Among the Dab2-associated cellular signaling pathways suggested from cell culture studies, an increase in total Erk1/2 activity was observed in the total embryonic lysate of E9.5 Dab2 null embryos (Smith et al., submitted), suggesting Dab2 has a physiological role in the fine-tuning of the Ras/MAPK pathway. Indeed, a role of Dab2 in suppressing Ras/MAPK activation accounts for embryonic development (Yang et al., 2009) and several physiological phenotypes observed in Dab2 null mice (Tao et al., 2014, 2016b). Probably, the activity as a negative regulator of the Ras/MAPK pathway contributes to the tumor suppressor activity of Dab2 as well.
Dab2 Expression and Tissue Distribution
Full length Dab2 cDNAs were first isolated from a mouse macrophage cell line (Xu et al., 1995), and a fragment was also identified in another study as a gene that is expressed in human ovarian surface epithelial cells but lost in ovarian carcinomas (Mok et al., 1994). In initial tissue profiling, Dab2 was found widely expressed (Fazili et al., 1999), in contrast to the brain and neuronal specific isoform, Dab1 (Howell et al., 1997).
Using the public GeneAtlas dataset, Dab2 expression is profiled in both mouse (Figure 3A) and human (Figure 3B) tissues. In, Dab2 is seen highly expressed in extraembryonic tissues (placenta) during development. In adults, Dab2 mRNA is present in most tissues at a low level, but is noticeably higher in macrophages, kidney, white adipose tissues, adrenal, and lactating mammary glands (Figure 3).

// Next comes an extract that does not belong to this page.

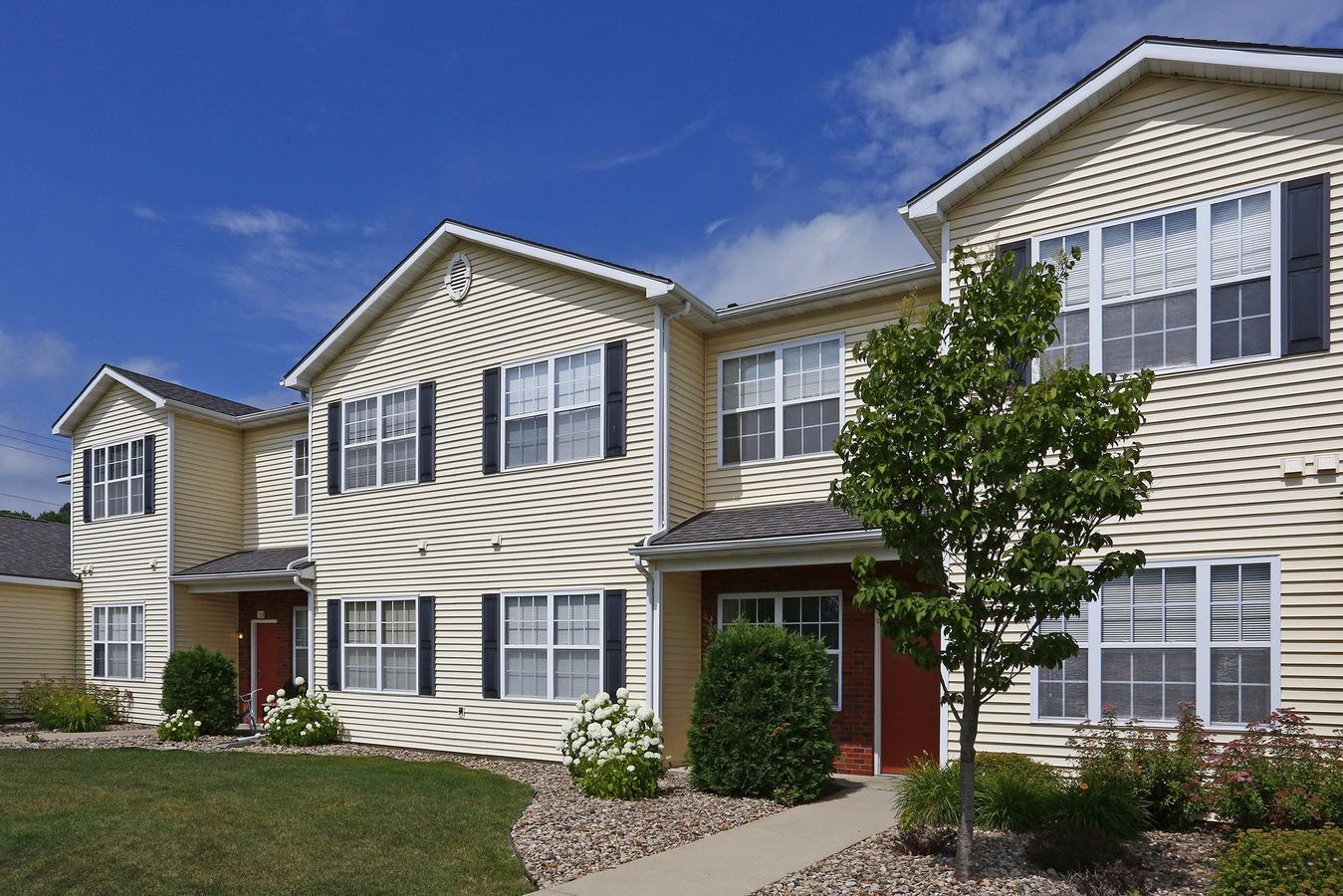 Cascade Shores Townhomes + Flats Apartments Rochester, MN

As expected, physiological phenotypes in the Dab2 conditional knockout mice have been observed in many of these tissues or cell types that have high Dab2 expression in wild-type mice (below).

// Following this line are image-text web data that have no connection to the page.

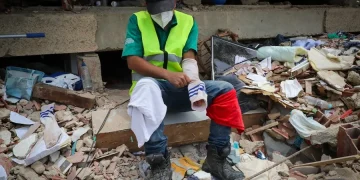 Venezuela suma 3,685 muertes por sismos mientras economistas piden el fin de las sanciones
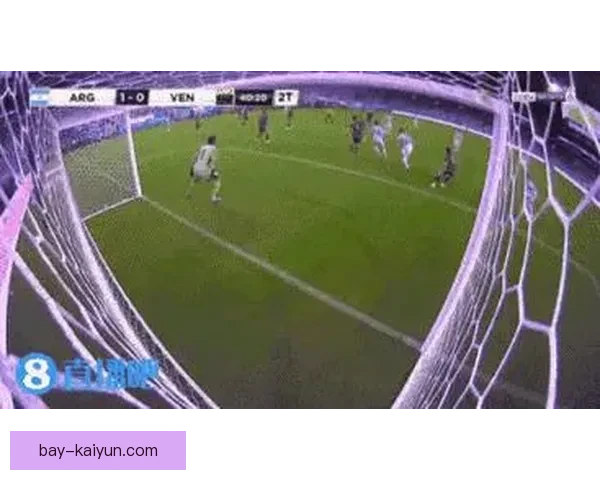 劳塔罗技术动作慢镜分析显示其稳定的射门技巧与精准的传球能力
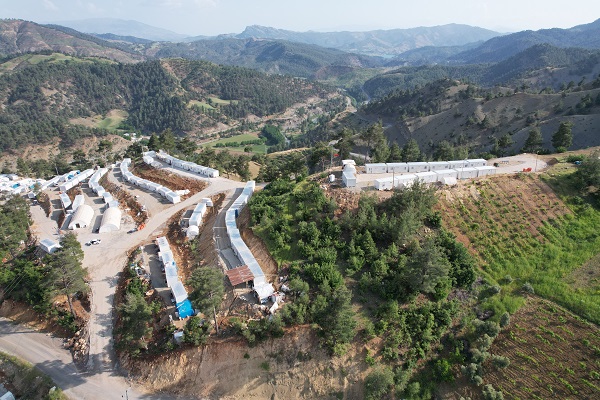 Foto - Bin rakımlı köyde böyle önlem alındı! Tonlarca ağırlıktaki dev kayalar köye yaklaştı!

Figure 3. Expression spectrum of Dab2 mRNA in murine and human tissues. (A) Dab2 expression in mouse tissues. Microarray data sets were acquired from an online public dataset GeneAtlas MOE430, gcrma (http://biogps.org/#goto=genereport&id=13132). The high-throughput gene expression profiling for Dab2 was generated from a diverse array of normal tissues, organs, and cell lines from mice. The final readouts were averages of four different probe sets with standard error of the mean (SEM) shown as error bars, normalized to housekeeping genes, and ranked according to the abundance of mRNA expression. (B) Dab2 expression in human tissues. Similar approaches were used to show Dab2 expression in human tissues.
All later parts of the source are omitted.